=== DATA TO PROCESS ===
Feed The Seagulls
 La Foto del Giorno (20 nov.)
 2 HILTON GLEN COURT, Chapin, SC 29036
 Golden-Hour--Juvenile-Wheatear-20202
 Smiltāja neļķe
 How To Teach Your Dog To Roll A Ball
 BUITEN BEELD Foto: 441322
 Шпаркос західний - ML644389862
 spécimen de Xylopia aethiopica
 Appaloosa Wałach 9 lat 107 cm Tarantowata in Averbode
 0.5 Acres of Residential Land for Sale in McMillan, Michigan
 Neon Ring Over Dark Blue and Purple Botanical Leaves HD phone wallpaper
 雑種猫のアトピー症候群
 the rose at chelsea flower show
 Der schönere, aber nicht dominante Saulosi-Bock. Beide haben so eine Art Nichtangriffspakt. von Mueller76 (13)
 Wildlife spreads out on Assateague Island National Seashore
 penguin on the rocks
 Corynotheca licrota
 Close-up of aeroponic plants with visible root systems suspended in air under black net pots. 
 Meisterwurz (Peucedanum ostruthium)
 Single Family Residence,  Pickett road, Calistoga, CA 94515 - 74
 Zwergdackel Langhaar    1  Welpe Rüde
===
[WORK ITEM]: Your task is to copy exactly, and only, the lines from the line with "Golden-Hour--Juvenile-Wheatear-20202" through the last line of the entries, both included.

[RESPONSE FOR THIS EXERCISE]:
 Golden-Hour--Juvenile-Wheatear-20202
 Smiltāja neļķe
 How To Teach Your Dog To Roll A Ball
 BUITEN BEELD Foto: 441322
 Шпаркос західний - ML644389862
 spécimen de Xylopia aethiopica
 Appaloosa Wałach 9 lat 107 cm Tarantowata in Averbode
 0.5 Acres of Residential Land for Sale in McMillan, Michigan
 Neon Ring Over Dark Blue and Purple Botanical Leaves HD phone wallpaper
 雑種猫のアトピー症候群
 the rose at chelsea flower show
 Der schönere, aber nicht dominante Saulosi-Bock. Beide haben so eine Art Nichtangriffspakt. von Mueller76 (13)
 Wildlife spreads out on Assateague Island National Seashore
 penguin on the rocks
 Corynotheca licrota
 Close-up of aeroponic plants with visible root systems suspended in air under black net pots. 
 Meisterwurz (Peucedanum ostruthium)
 Single Family Residence,  Pickett road, Calistoga, CA 94515 - 74
 Zwergdackel Langhaar    1  Welpe Rüde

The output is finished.